#### [REQUIRED ACTION]
Using the records below, output the stretch that opens with the line containing "Montreal, Canada - June" and closes with the line containing "tiled empty room", exactly and including both lines, with nothing more.

#### [MATERIAL FOR THE TASK]
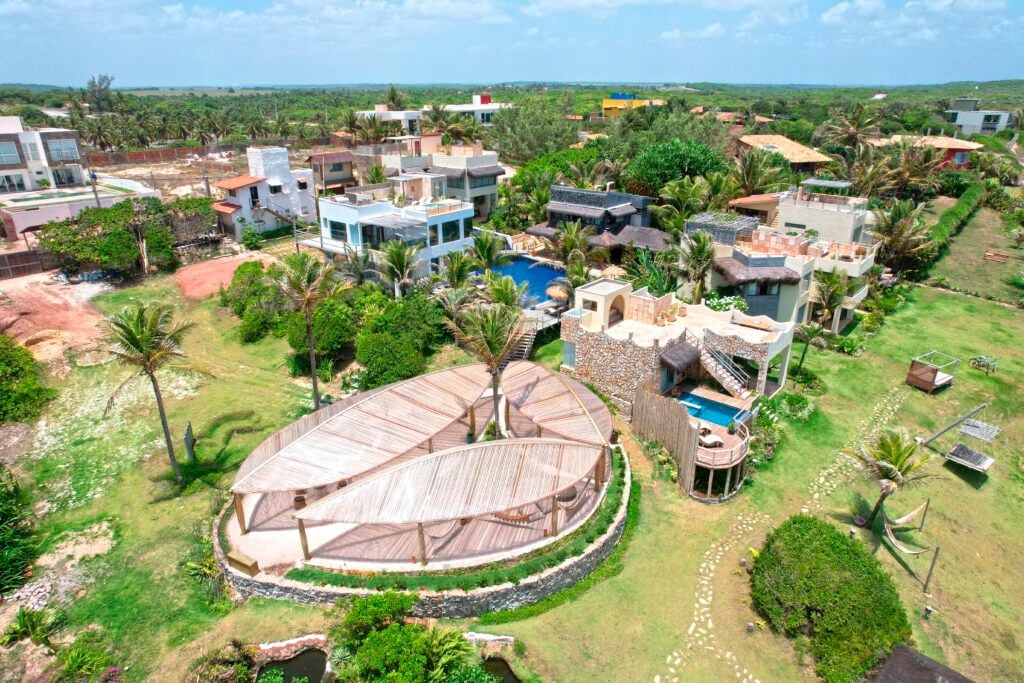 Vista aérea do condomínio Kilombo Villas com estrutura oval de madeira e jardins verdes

* * *

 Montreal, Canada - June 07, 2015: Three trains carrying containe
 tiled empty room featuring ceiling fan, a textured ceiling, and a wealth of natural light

---

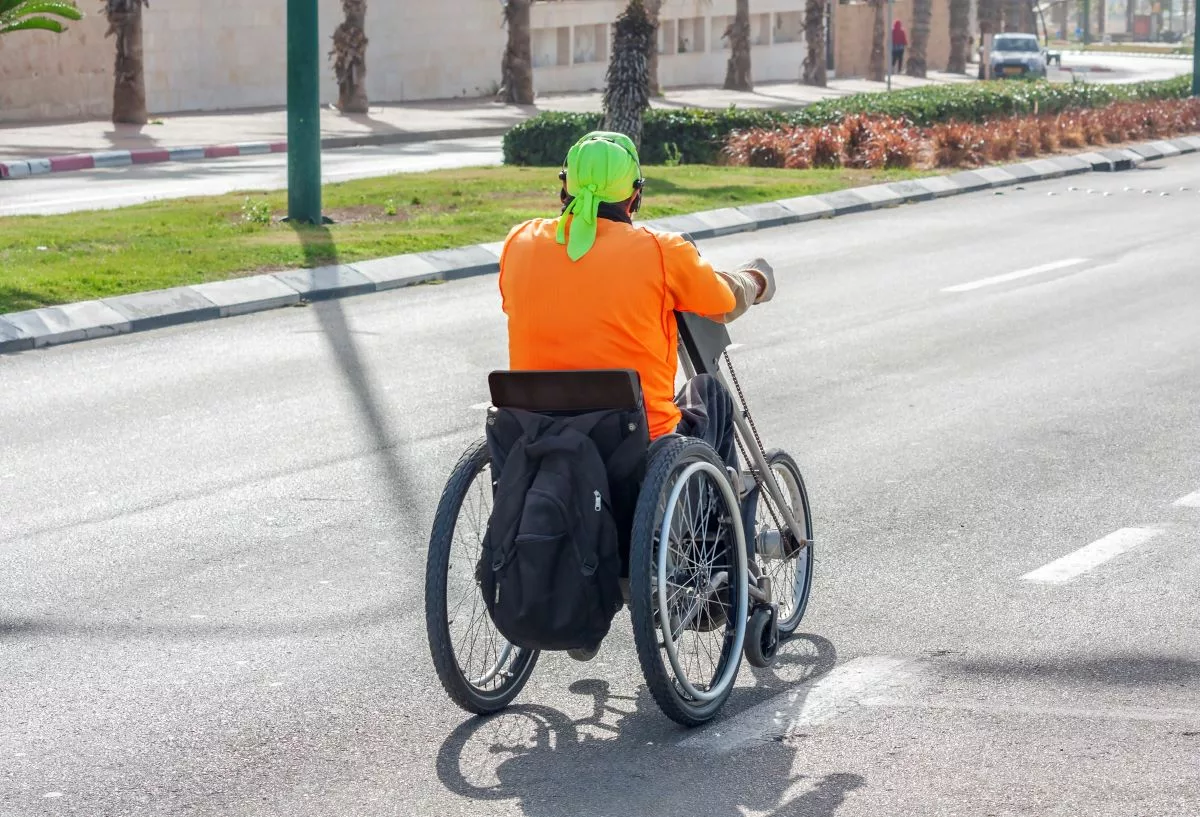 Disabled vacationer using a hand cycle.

#### [EXERCISE SOLUTION]
 Montreal, Canada - June 07, 2015: Three trains carrying containe
 tiled empty room featuring ceiling fan, a textured ceiling, and a wealth of natural light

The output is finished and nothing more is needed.